“O que hoje muito me choca é ver o debate político resvalar com frequência para a gritaria, para a falta de educação, para a linguagem grosseira e insultuosa (…) Um futuro governo social-democrata, presidido pelo Dr. Luís Montenegro, terá à sua frente muito trabalho. Deve primar pela prática da transparência e da ética política. Ser exemplo de boa educação no debate político, falar a verdade aos portugueses.”
Aníbal Cavaco Silva, 20 de maio de 2023

Existem duas figuras de relevo do PSD que ainda não se pronunciaram publicamente sobre a crise que resultou na queda de Luís Montenegro: Pedro Passos Coelho e Aníbal Cavaco Silva. O silêncio do primeiro é relativamente fácil de interpretar. Passos, com quem a atual direção do PSD quis romper, tornou-se há muito um crítico da estratégia seguida por Montenegro e achará tudo o que aconteceu lamentável. Mas escolheu não falar. Nem bem, nem mal. O futuro dirá se este silêncio será inteiramente compreendido por todos aqueles que nele procuravam um sinal.

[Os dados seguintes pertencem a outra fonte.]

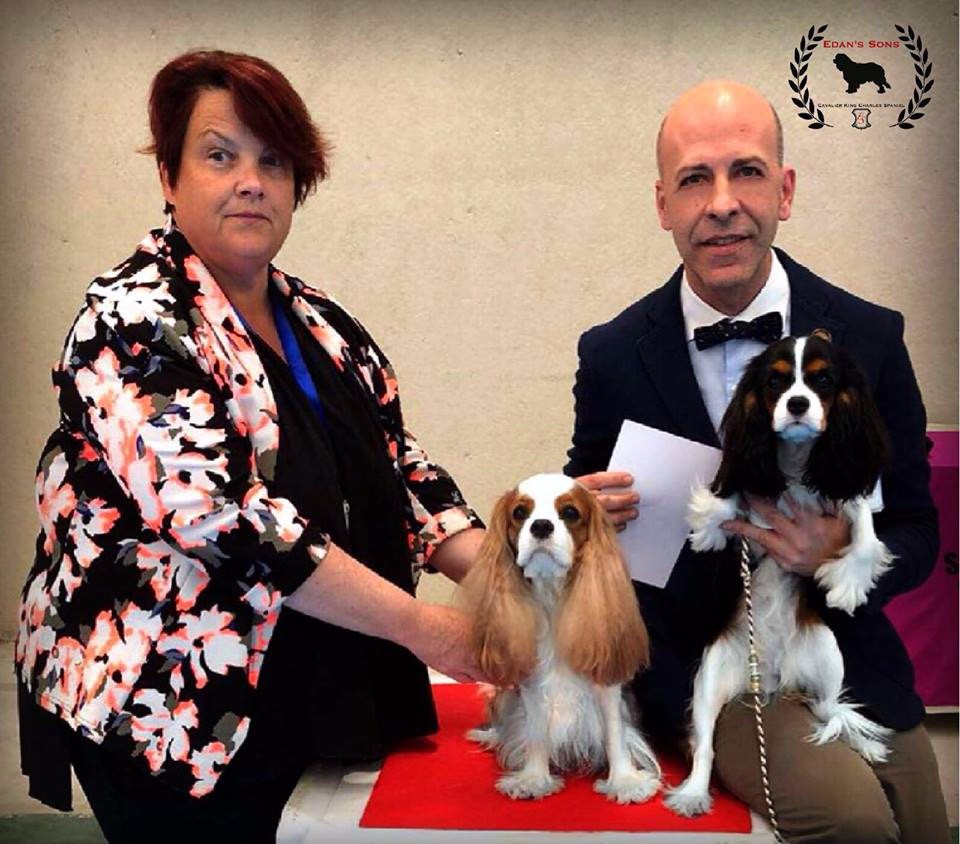 CH. Ch milcham margarita at Edan´s Sons - EXC.1º CCJ BOB JUNIOR BICH X2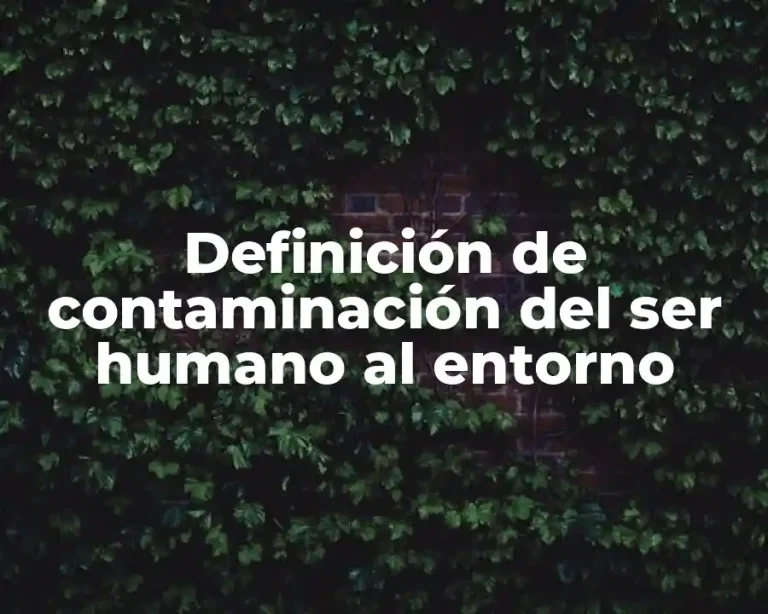 Definición de contaminación del ser humano al entorno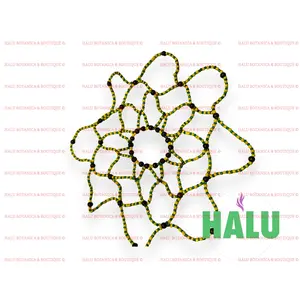 Maya para Kofa Sopera Orula / Mesh for Kofa/ IFA Santeria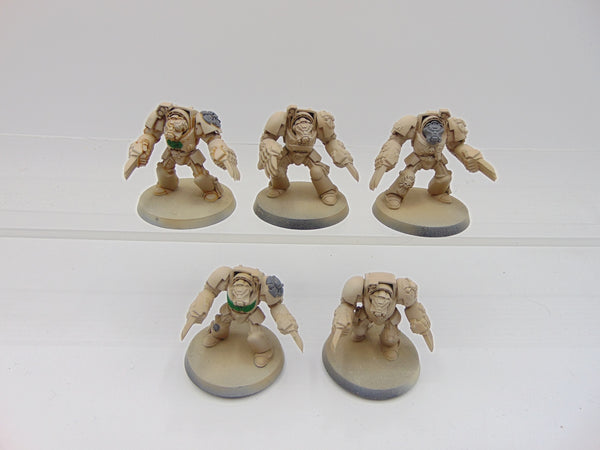 Terminator Assault Squad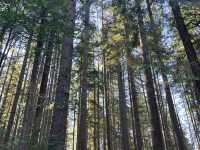 Hiking in Vancouver 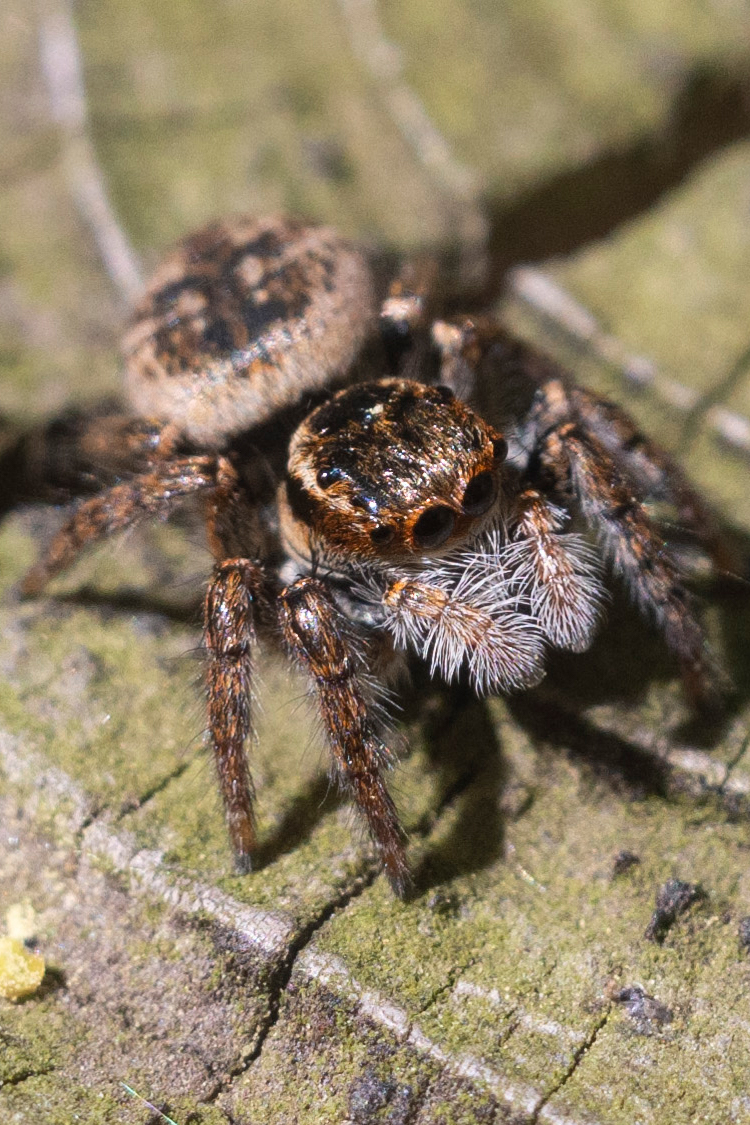 ネコハエトリの画像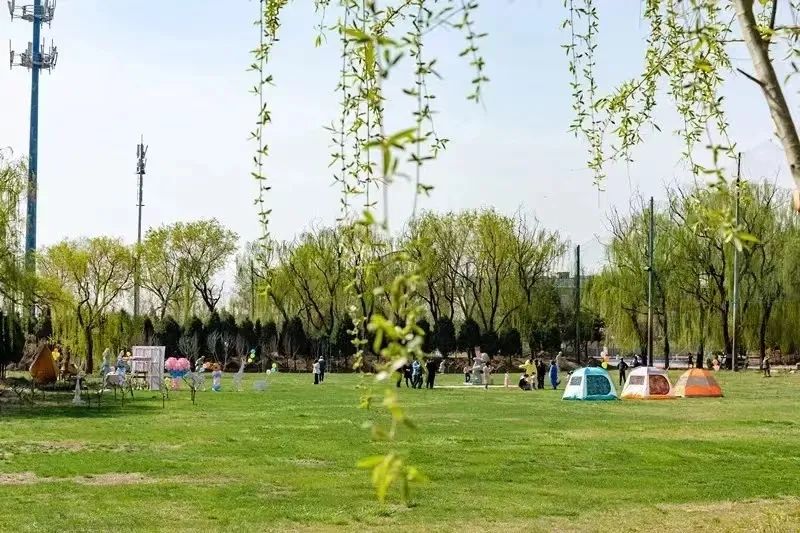 游樂園電子票系統(tǒng)二消項目多樣化管理方案.jpg
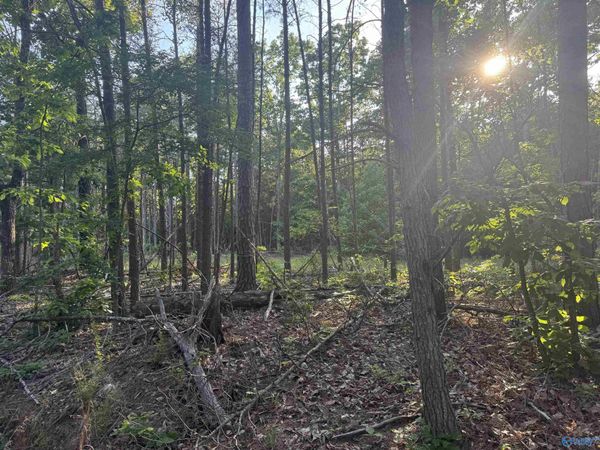 475 Summer House Mountain Road, Cherokee, AL 35616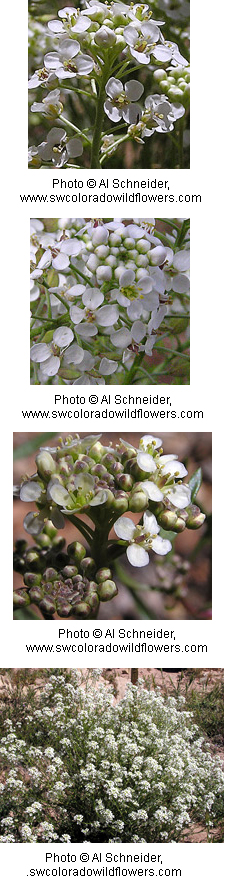Lepidium montanum Lepidium montanum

Todavia, o silêncio de Aníbal Cavaco Silva, por ser tão contrastante com o apoio público que manifestou repetidamente a Luís Montenegro, levanta uma dúvida razoável: o antigo Presidente da República, que emprestou o seu capital político a Montenegro nas últimas eleições legislativas, concordará ou não com o que o atual primeiro-ministro fez antes e durante esta crise política?

Ao contrário de Passos Coelho, Cavaco Silva foi de facto elevado a santo padroeiro por Montenegro. E empenhou-se ativamente na defesa do agora primeiro-ministro. Não apenas a 20 de maio de 2023, quando chegou a dizer que Montenegro estava “mais preparado” do que ele em 1985, mas também no Congresso de 25 de novembro, o tal em que, já com António Costa caído, abençoou formalmente Montenegro e galvanizou, com a sua mera presença, a família social-democrata — sinal de apoio que repetiria na reta final da campanha eleitoral.

Sabemos o que Aníbal Cavaco Silva pensava de António Costa. Manifestou-o em muitos momentos, sobretudo através de artigos de opinião que foi publicando regularmente (aqui, aqui e aqui). Também sabemos o que escreveu no livro A Arte de Bem Governar, publicado em setembro de 2023. Dizia o seguinte: “O mais importante é o primeiro-ministro ser rigoroso na prática da transparência e da ética na vida política e falar verdade”.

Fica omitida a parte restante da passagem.